TASK REQUIREMENTS - The lines to repeat are those below from the one containing "Boston Condo: 244 Hanover Street" down to the one containing "272 S Doheny", both included; reproduce them exactly and nothing else.

SOURCE RECORDS -
═══

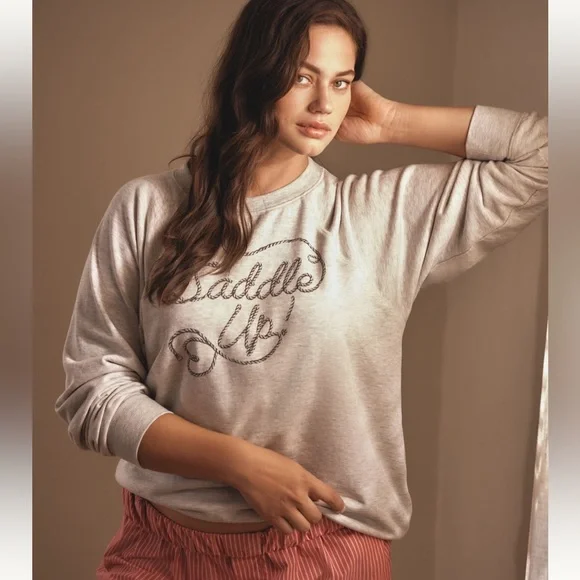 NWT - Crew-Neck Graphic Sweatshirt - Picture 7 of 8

═══

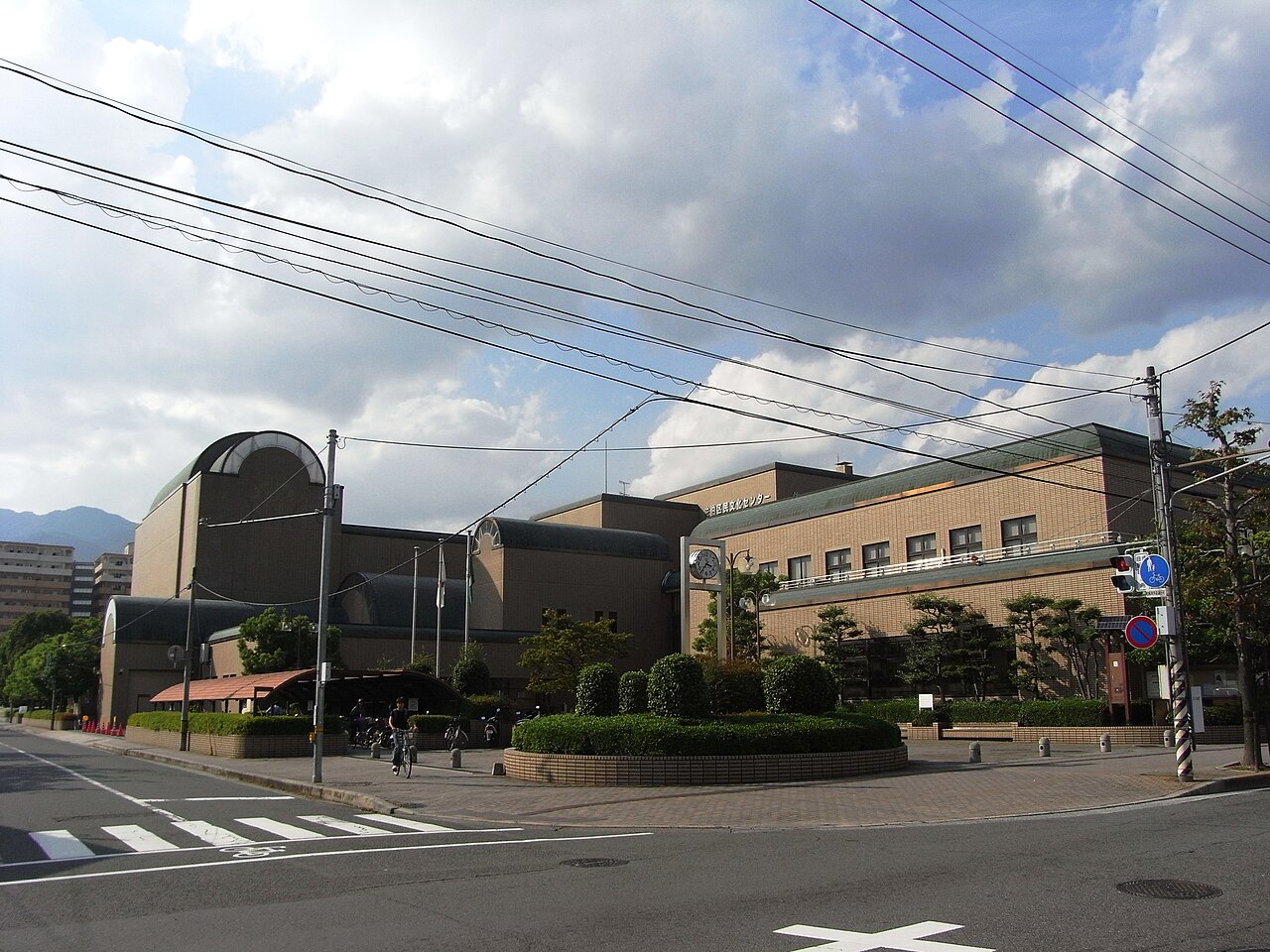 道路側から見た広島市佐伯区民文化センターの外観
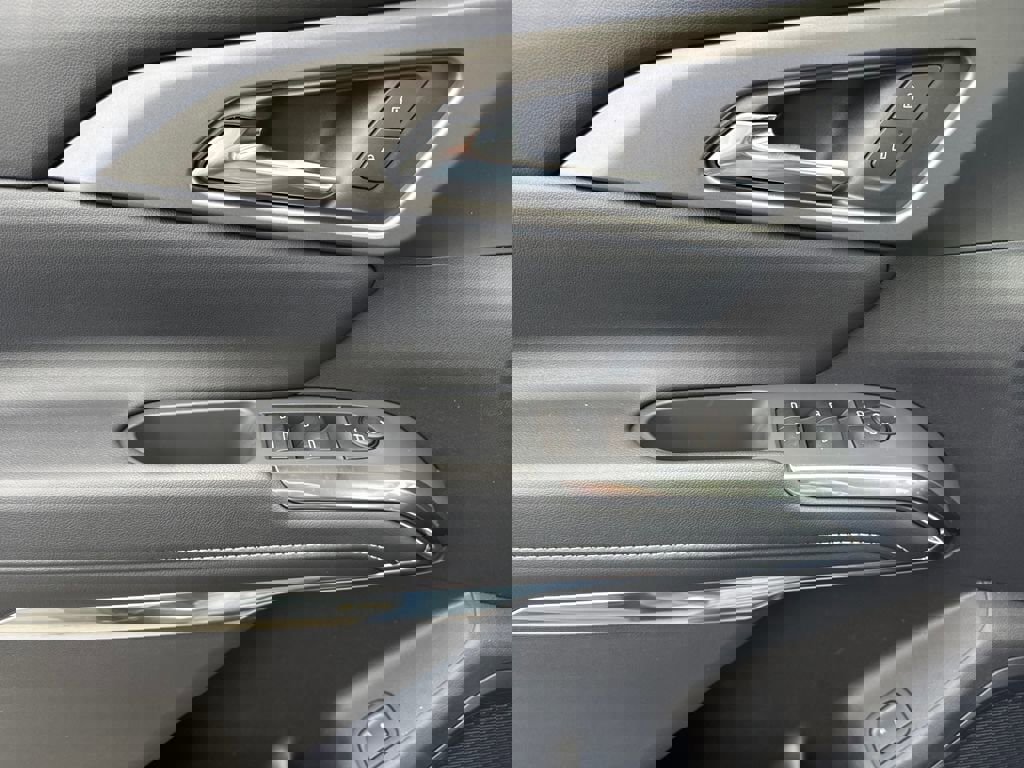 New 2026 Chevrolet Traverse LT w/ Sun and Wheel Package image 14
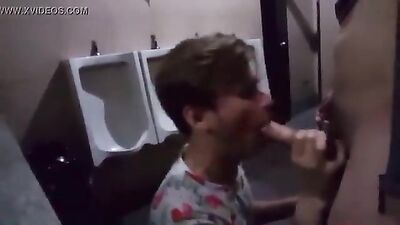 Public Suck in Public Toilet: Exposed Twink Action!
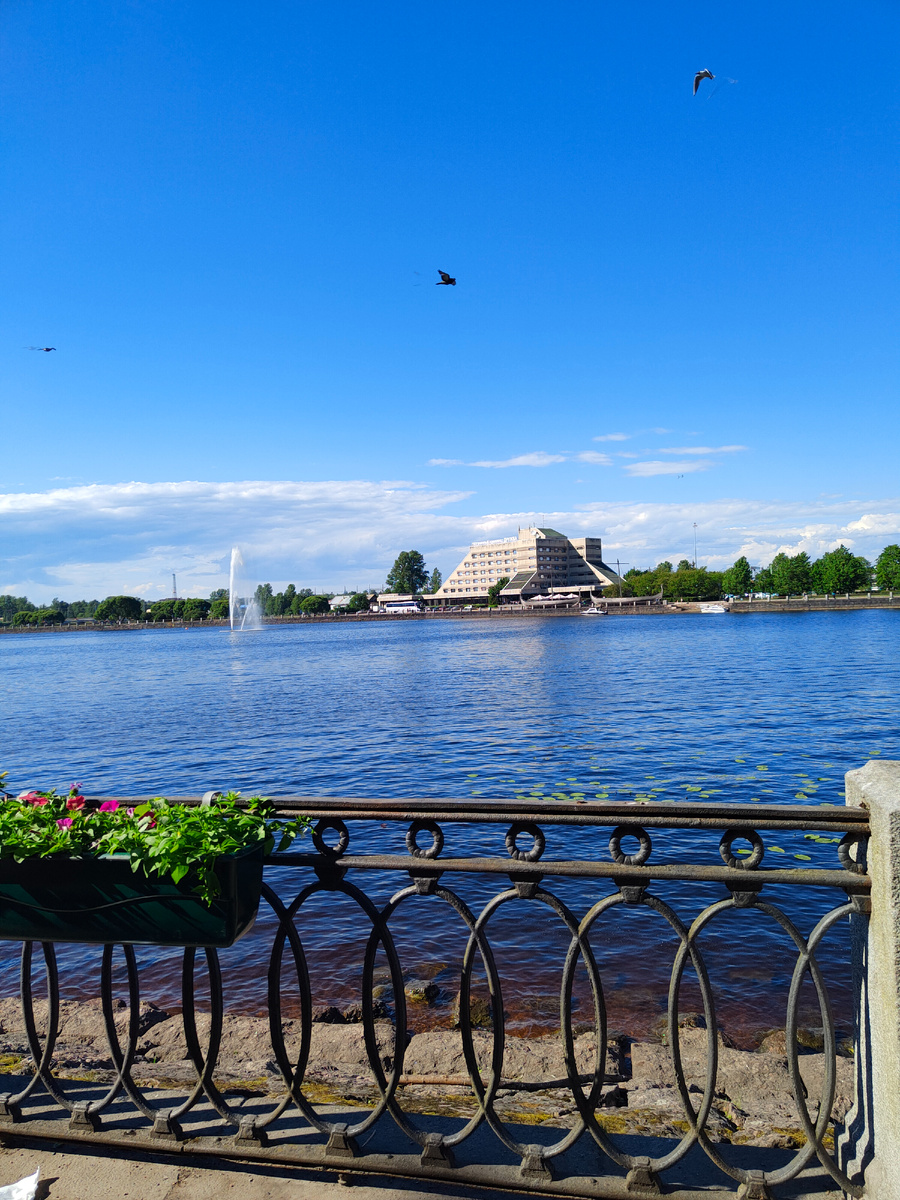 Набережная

═══

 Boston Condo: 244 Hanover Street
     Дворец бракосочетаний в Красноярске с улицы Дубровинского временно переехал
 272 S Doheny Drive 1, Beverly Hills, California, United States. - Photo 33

═══

REPLY TO THE TASK -
 Boston Condo: 244 Hanover Street
     Дворец бракосочетаний в Красноярске с улицы Дубровинского временно переехал
 272 S Doheny Drive 1, Beverly Hills, California, United States. - Photo 33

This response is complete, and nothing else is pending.